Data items

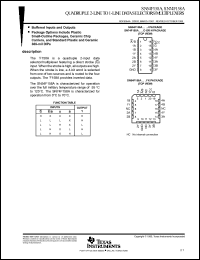 Click here to download SN54F158AFK Datasheet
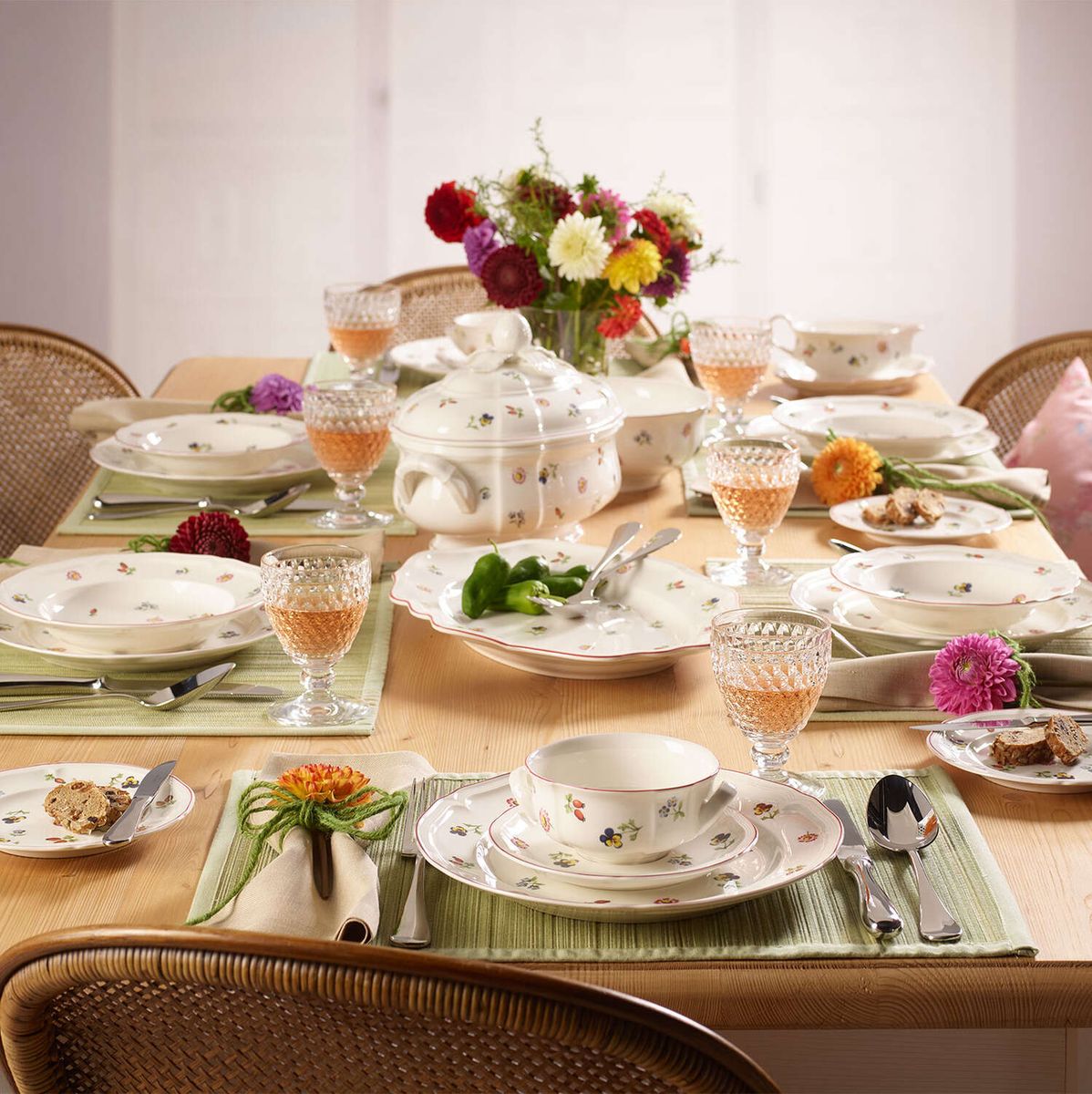 Villeroy & Boch Petite Fleur Dyp Tallerken 23 cm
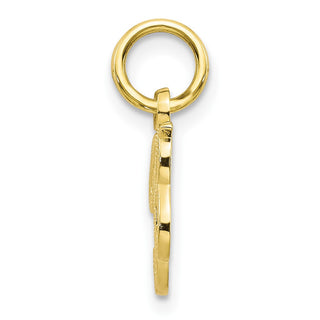 10k Yellow Gold Initial B Charm 10C763B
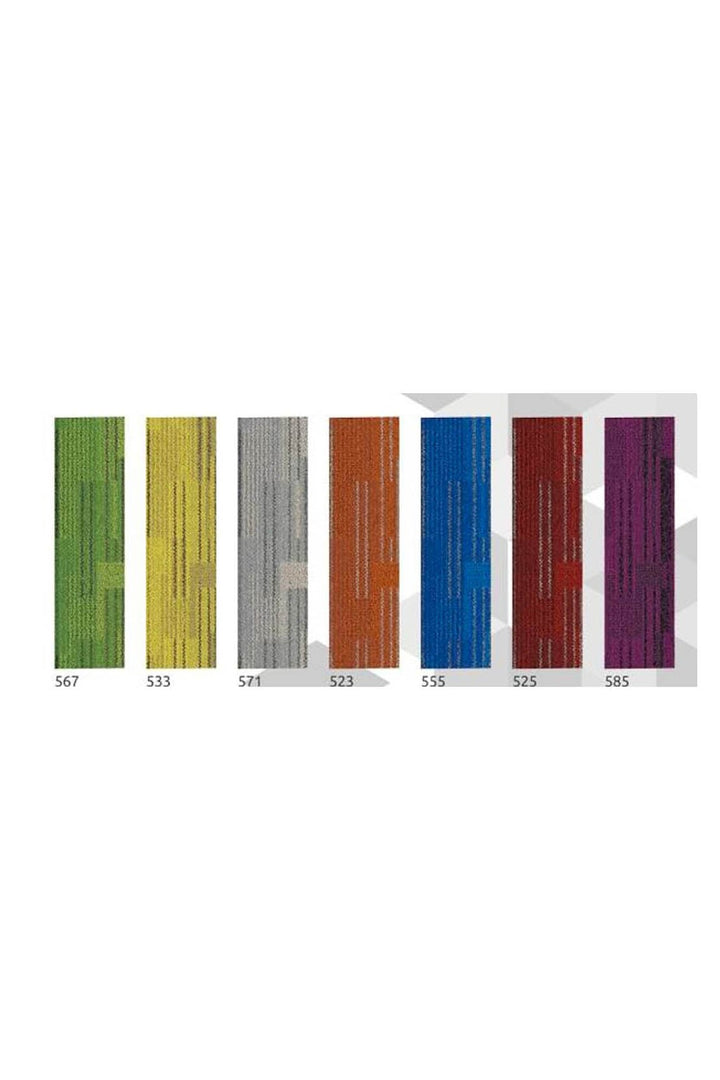 CRAYON Carpet Tiles - V Surfaces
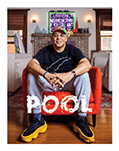 The Pool Issue 8 Cover with Lyndon Barrois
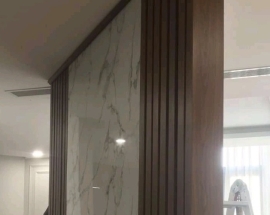 Thi Công Tấm Ốp Nano Tấm Ốp Lam Sóng Tấm Ốp PVC Giả Đá Tại Đồng Nai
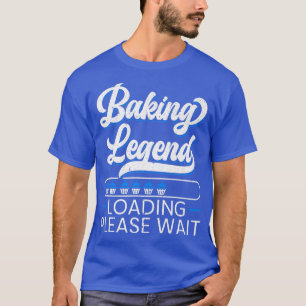Backbäckerei Baker Bake Konditorei Cupcake Bäckere T-Shirt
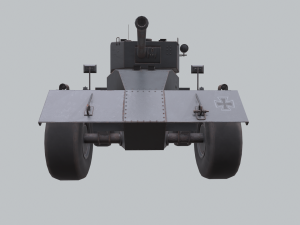 aec mkii 75mm 3D Model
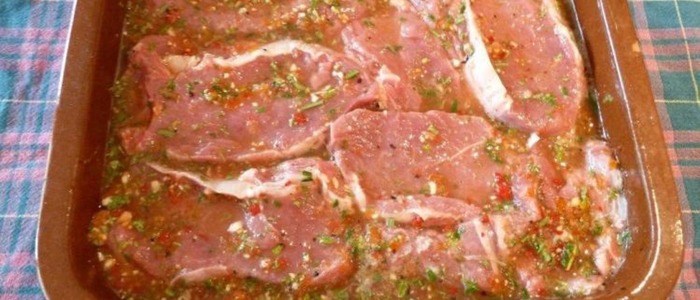 маринад для шашлыка из свинины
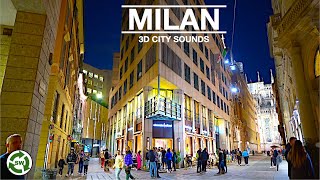 Evening Walk Through The Beautiful City Of Milan!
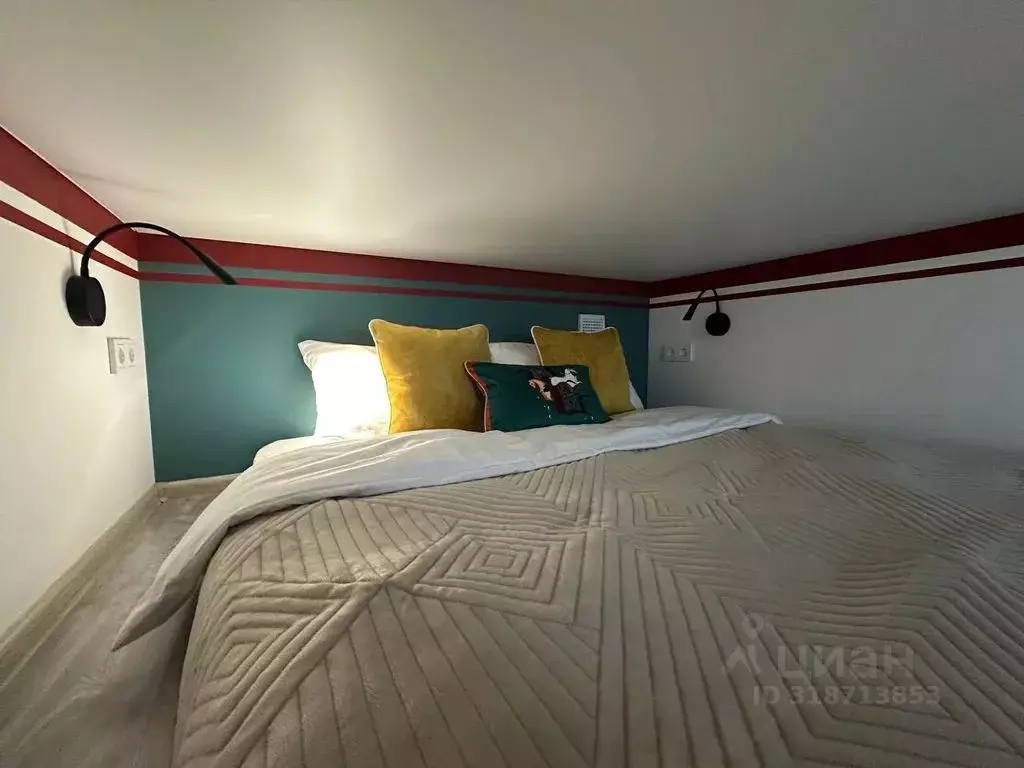 Студия Санкт-Петербург ул. Рубинштейна, 23 (15.0 м) - Фото 1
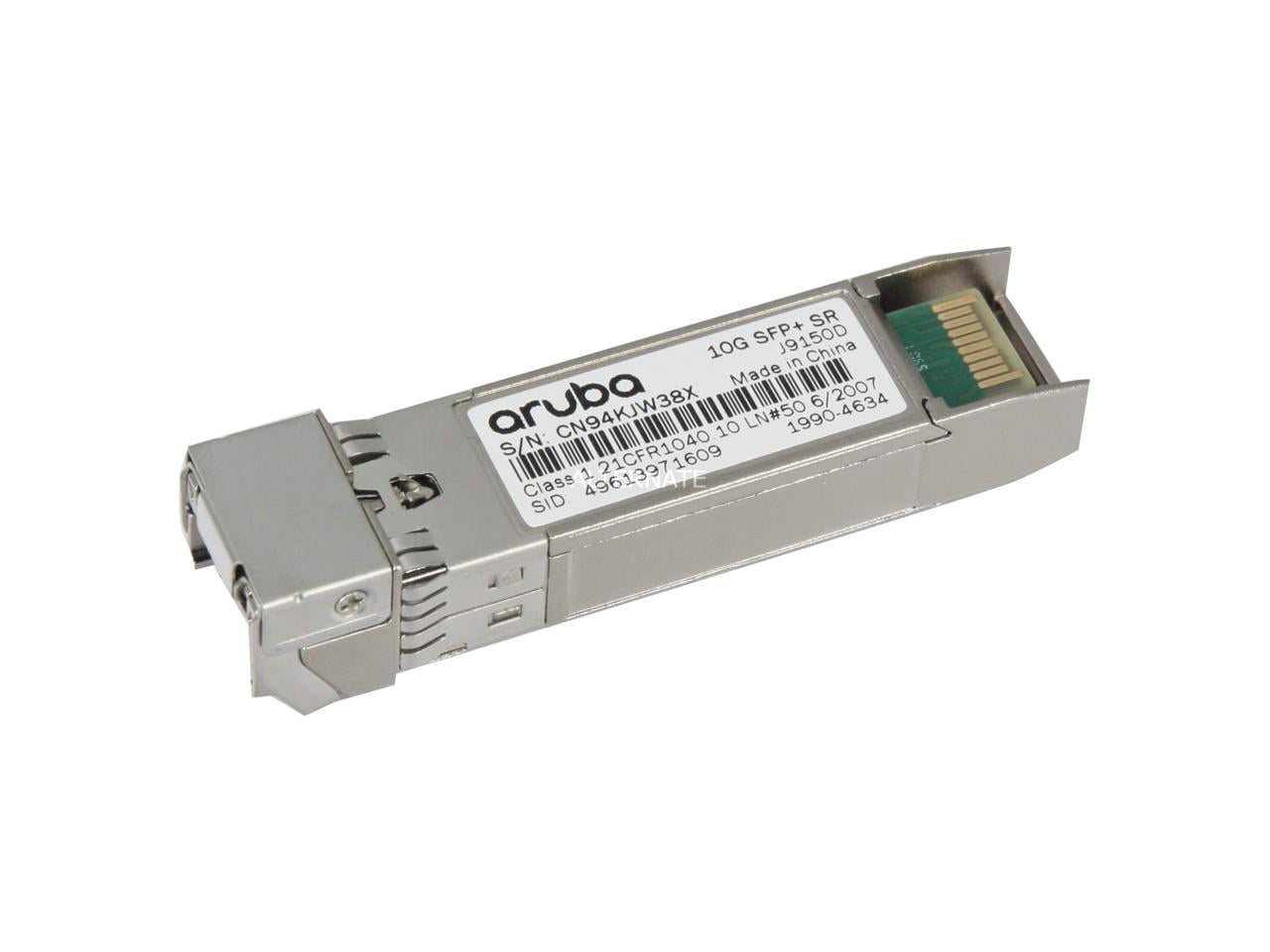 HP Aruba Transceiver Module - 10G SFP+ LCR SR 300m - Plug-in module ...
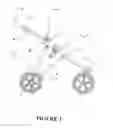 Fig. 02 - Collapsible two seat perambulator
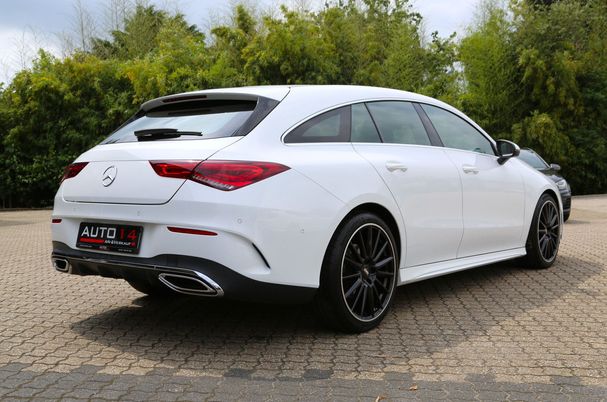 Mercedes-Benz CLA 180 Shooting Brake 100 kW image number 12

» Task description: Set the pictures aside and reproduce the data above exactly.

» Answer area:
 Click here to download SN54F158AFK Datasheet
 Villeroy & Boch Petite Fleur Dyp Tallerken 23 cm
 10k Yellow Gold Initial B Charm 10C763B
 CRAYON Carpet Tiles - V Surfaces
 The Pool Issue 8 Cover with Lyndon Barrois
 Thi Công Tấm Ốp Nano Tấm Ốp Lam Sóng Tấm Ốp PVC Giả Đá Tại Đồng Nai
Backbäckerei Baker Bake Konditorei Cupcake Bäckere T-Shirt
 aec mkii 75mm 3D Model
 маринад для шашлыка из свинины
 Evening Walk Through The Beautiful City Of Milan!
 Студия Санкт-Петербург ул. Рубинштейна, 23 (15.0 м) - Фото 1
 HP Aruba Transceiver Module - 10G SFP+ LCR SR 300m - Plug-in module ...
 Fig. 02 - Collapsible two seat perambulator
 Mercedes-Benz CLA 180 Shooting Brake 100 kW image number 12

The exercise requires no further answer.